TASK PROMPT. Reproduce exactly the entries from the "Honda Civic 2022: giá" line to the end. Skip all pictures.
________
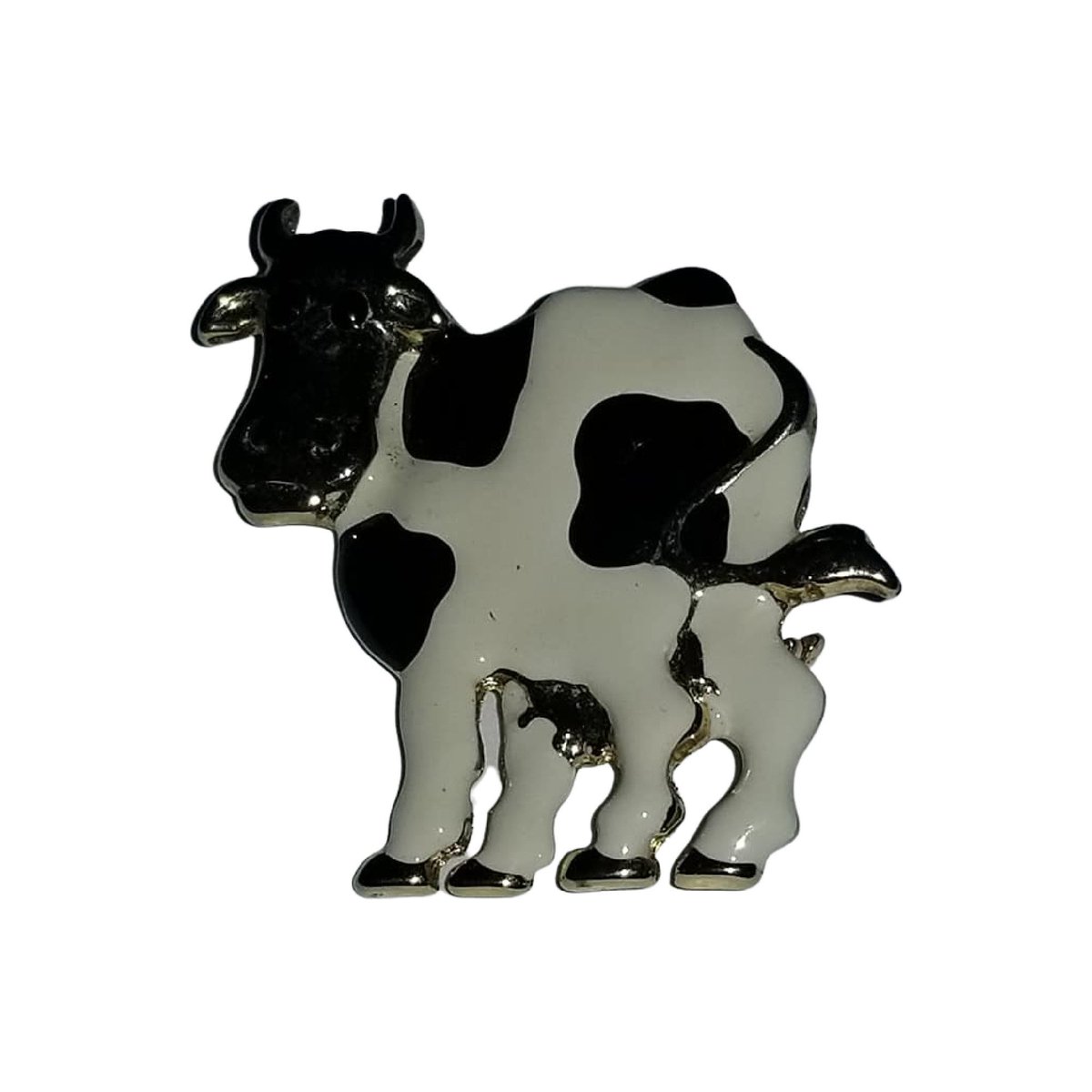 JunkYardBlonde's tweet photo. Vintage Enamel COW Brooch, Free Shipping https://t.co/ObBiEhlDzu #JunkYardBlonde #Etsy #BarnyardAnimals https://t.co/LPSNabHh7o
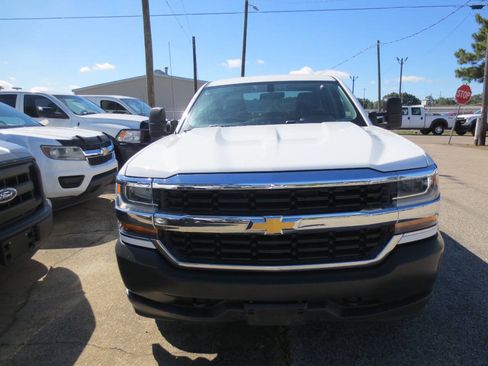 Used 2018 Chevrolet Silverado 1500 W/T w/ WT Convenience Package AWD/4WD image 3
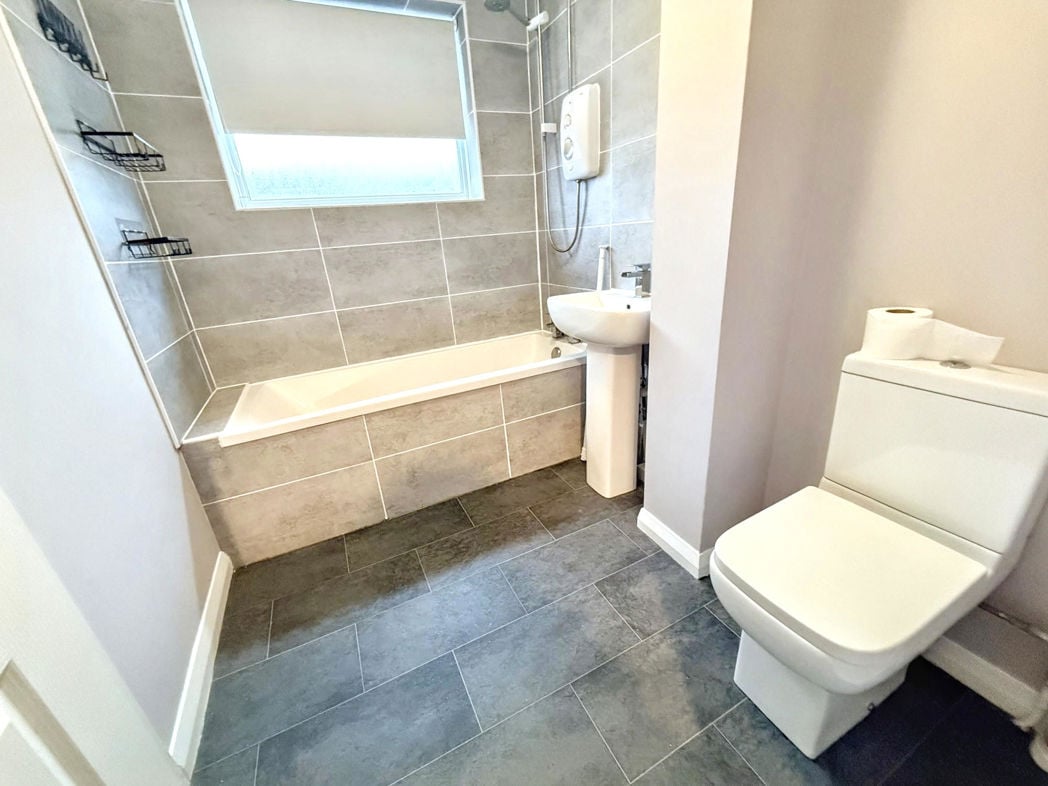 Property image 11 of 15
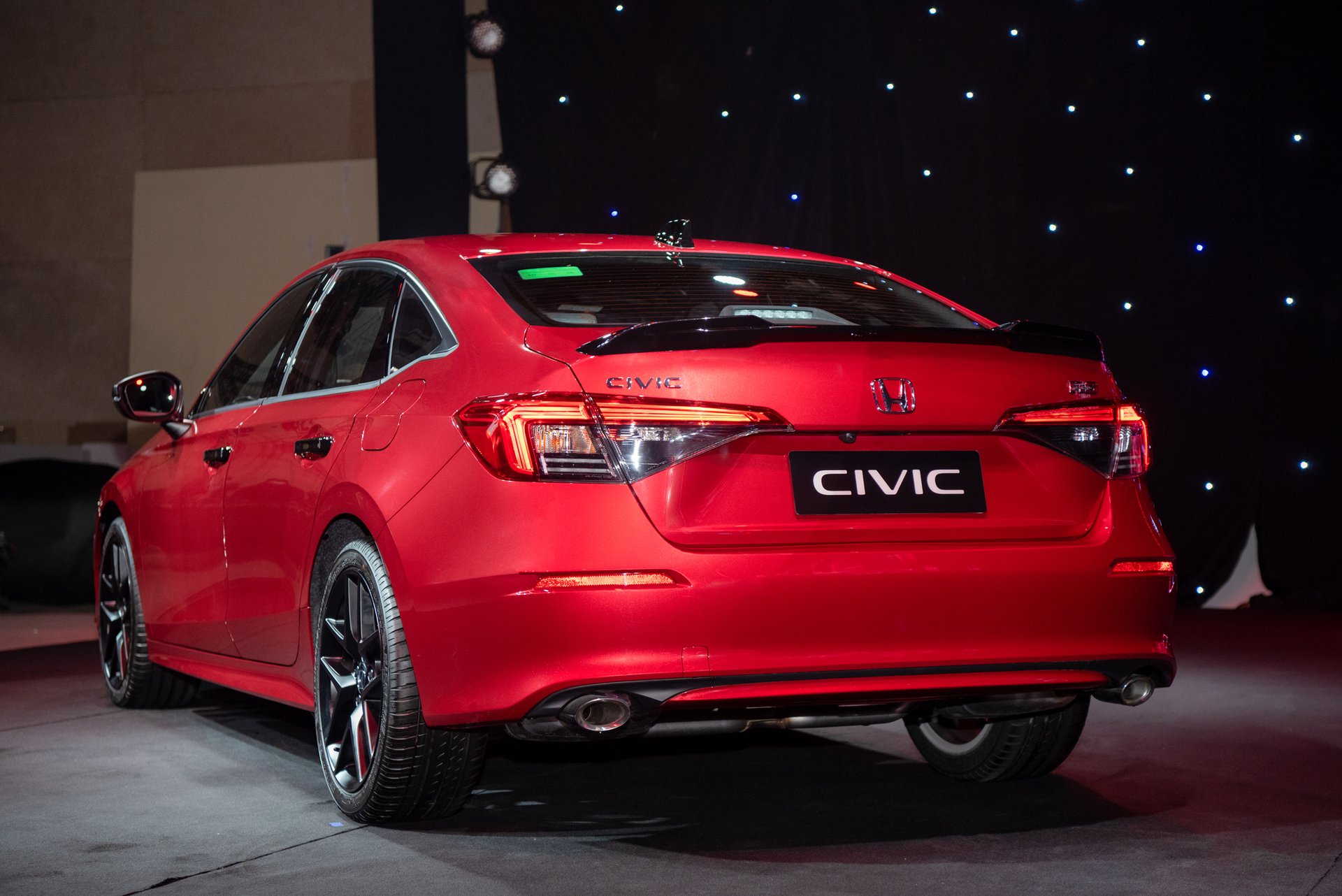 Honda Civic 2022: giá bán, thông số, đánh giá, hình ảnh thực tế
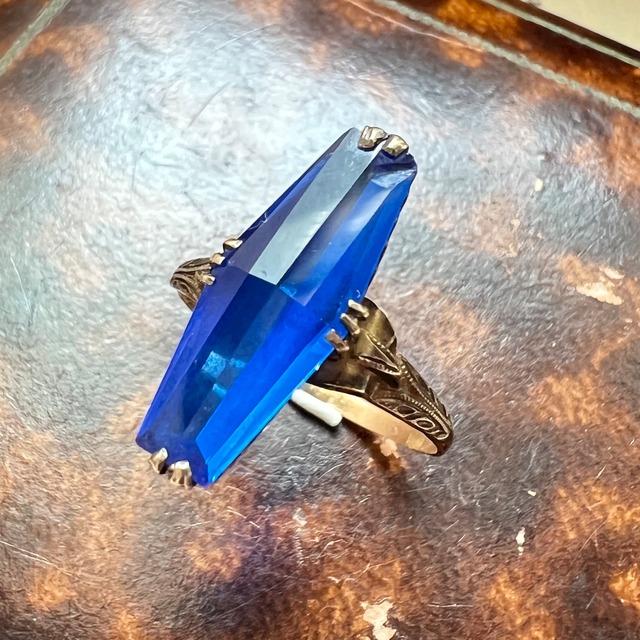 【日本の作品】昭和レトロ  和彫り 和柄 手彫り 王冠透かし デザイン ヴィンテージ リング K18　深みのあるブルート和柄のコラボレーション DR00391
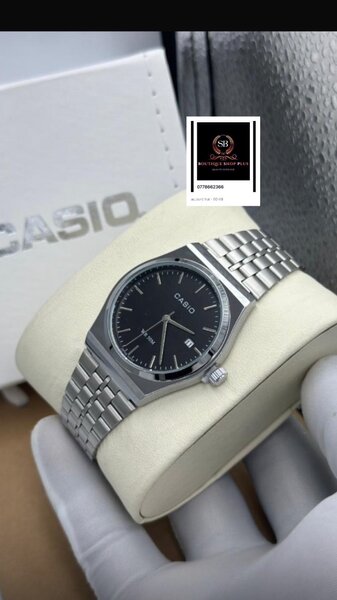 Montre Casio authentique en acier avec sa boîte
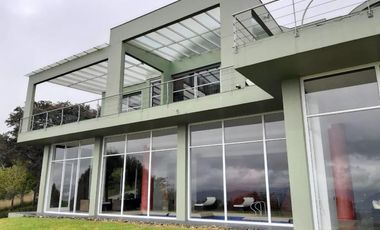 VENDO MANSION SINDAMANOY CHIA 1800 M2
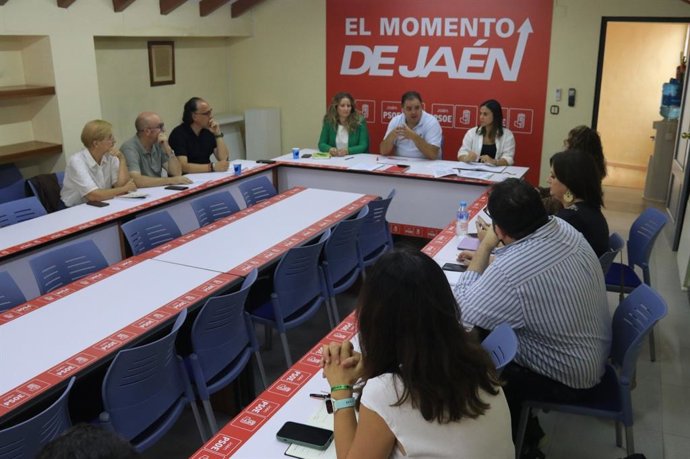 Reunión para abordar la situación de los municipios con albergues para temporeros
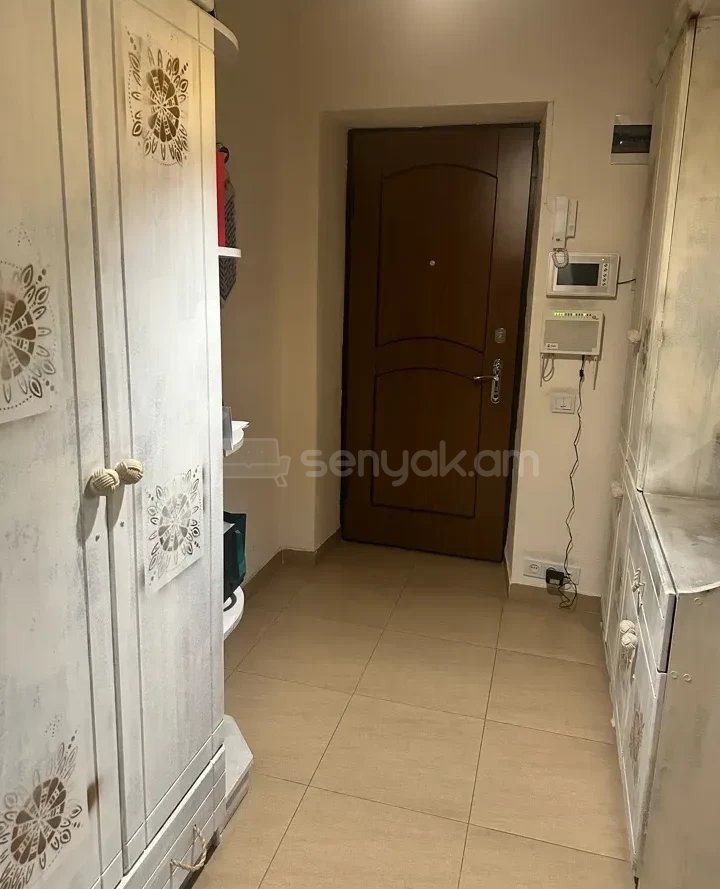 2 Սենյականոց Բնակարան Քարե Շենքում, 56քմ, 4/5 հարկ, Կապիտալ Վերանորոգված, Կահավորված, Արևկող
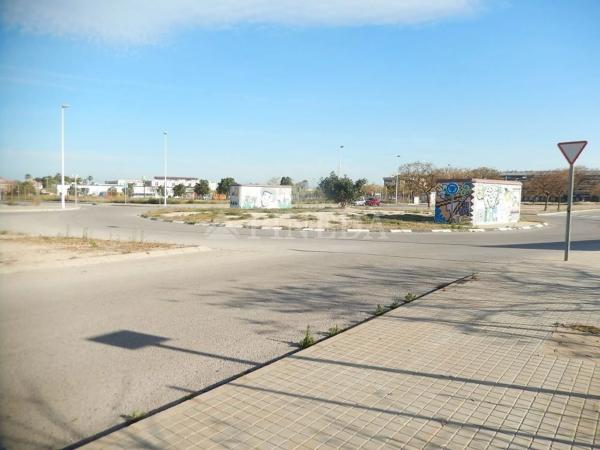 Terreno en calle Moreres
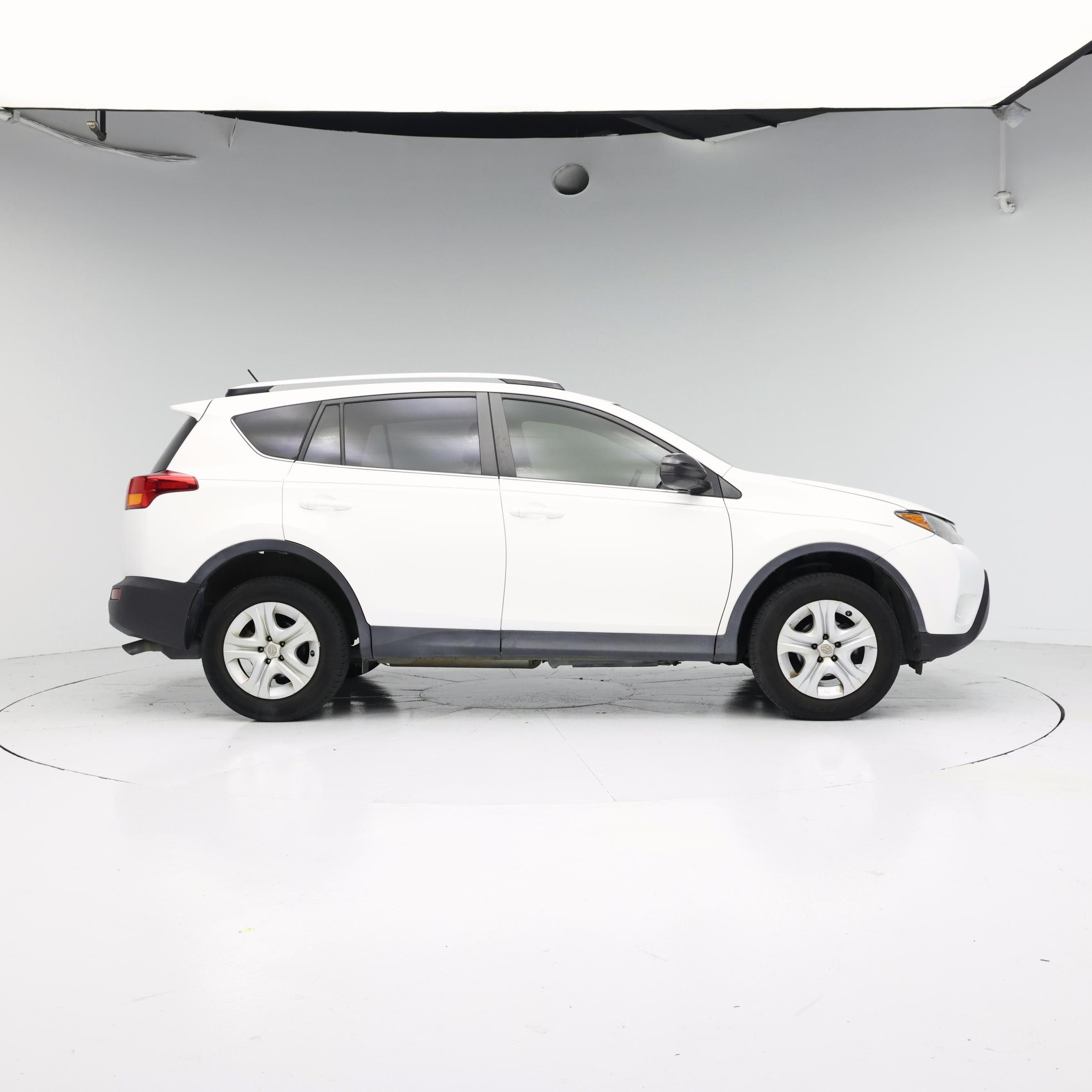 Thumbnail: 2015 Toyota RAV4 - 7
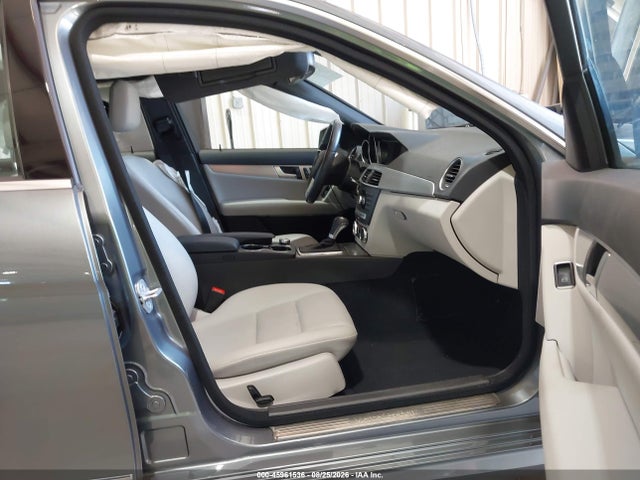 2012 Mercedes-benz C 250 Sport მანქანა იყიდება აუქციონზე, vin: WDDGF4HBXCR235733, აუქციონის ნომერი: 45961536
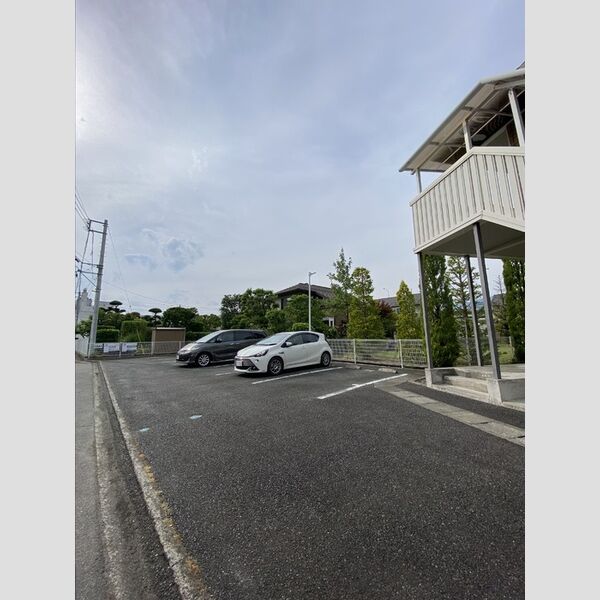 駐車場 (駐車場)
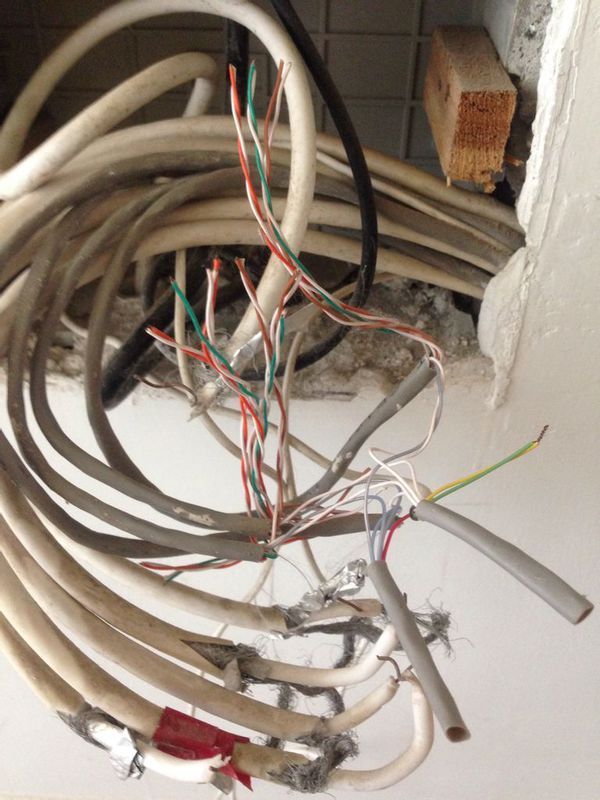 你们知道这个网线怎么接吗,我来解释下,我们家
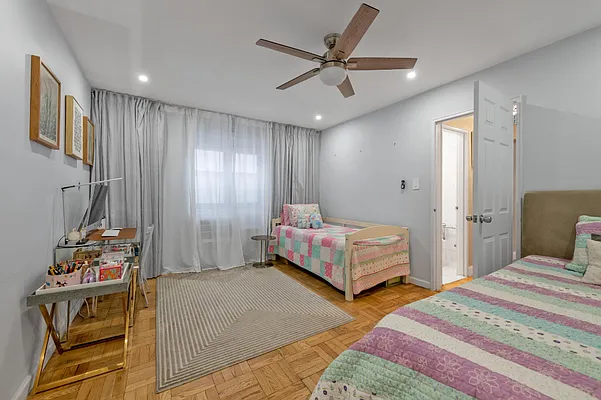 Sold by Skylux Realty, Inc | media 7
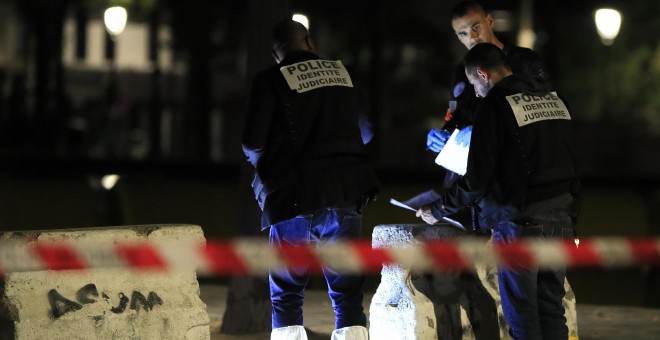 Siete personas resultaron heridas en un ataque con cuchillo en el centro de París/Reuters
________
WRITTEN REPLY.
 Honda Civic 2022: giá bán, thông số, đánh giá, hình ảnh thực tế
 【日本の作品】昭和レトロ  和彫り 和柄 手彫り 王冠透かし デザイン ヴィンテージ リング K18　深みのあるブルート和柄のコラボレーション DR00391
 Montre Casio authentique en acier avec sa boîte
 VENDO MANSION SINDAMANOY CHIA 1800 M2
 Reunión para abordar la situación de los municipios con albergues para temporeros
 2 Սենյականոց Բնակարան Քարե Շենքում, 56քմ, 4/5 հարկ, Կապիտալ Վերանորոգված, Կահավորված, Արևկող
 Terreno en calle Moreres
 Thumbnail: 2015 Toyota RAV4 - 7
 2012 Mercedes-benz C 250 Sport მანქანა იყიდება აუქციონზე, vin: WDDGF4HBXCR235733, აუქციონის ნომერი: 45961536
 駐車場 (駐車場)
 你们知道这个网线怎么接吗,我来解释下,我们家
 Sold by Skylux Realty, Inc | media 7
 Siete personas resultaron heridas en un ataque con cuchillo en el centro de París/Reuters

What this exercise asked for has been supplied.